### EXERCISE DIRECTIONS
Omit the images and output every line of the data below exactly.

### INFORMATION PROVIDED

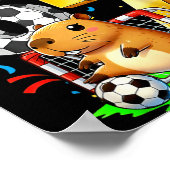 Poster Anniversaire de Foot de Capybara J'avais 6 ans Mai (Coin)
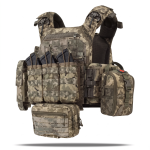 Комплект спорядження Vanguard Strike Kit (на базі плитоноски PRO). 25х30 см. Піксель (мм-14)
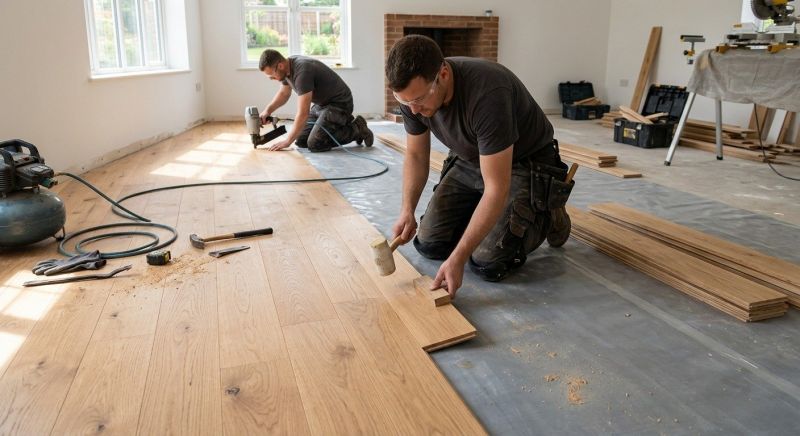 Oak Floor Installation in Phoenix, AZ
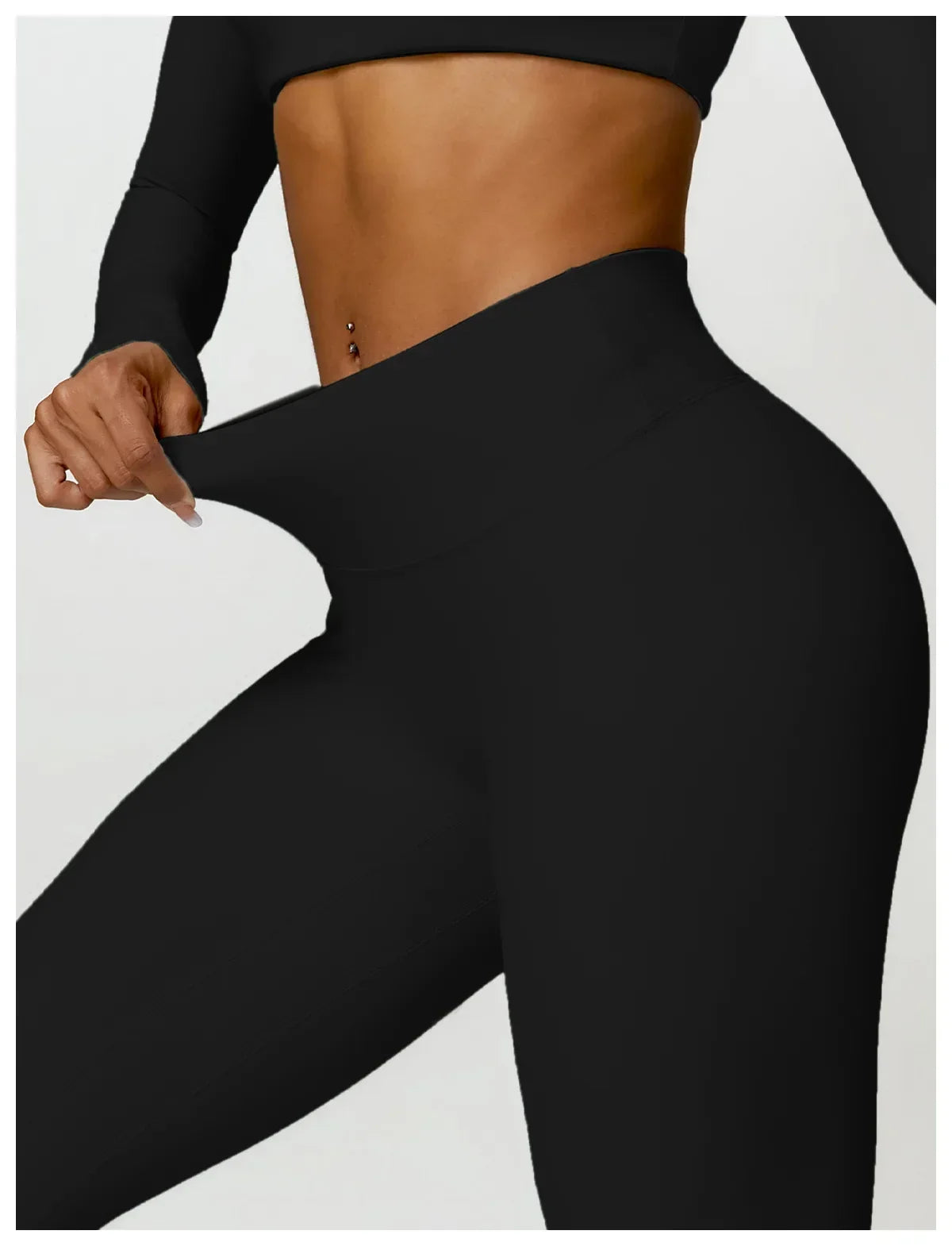 New Long sleeve Shirt Sports Set Women Fitness Tights Yoga Set Crop Top Running High Waist Gym Set Womens Outfits Yoga Clothing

### SOLUTION TO THE EXERCISE
 Poster Anniversaire de Foot de Capybara J'avais 6 ans Mai (Coin)
 Комплект спорядження Vanguard Strike Kit (на базі плитоноски PRO). 25х30 см. Піксель (мм-14)
 Oak Floor Installation in Phoenix, AZ
 New Long sleeve Shirt Sports Set Women Fitness Tights Yoga Set Crop Top Running High Waist Gym Set Womens Outfits Yoga Clothing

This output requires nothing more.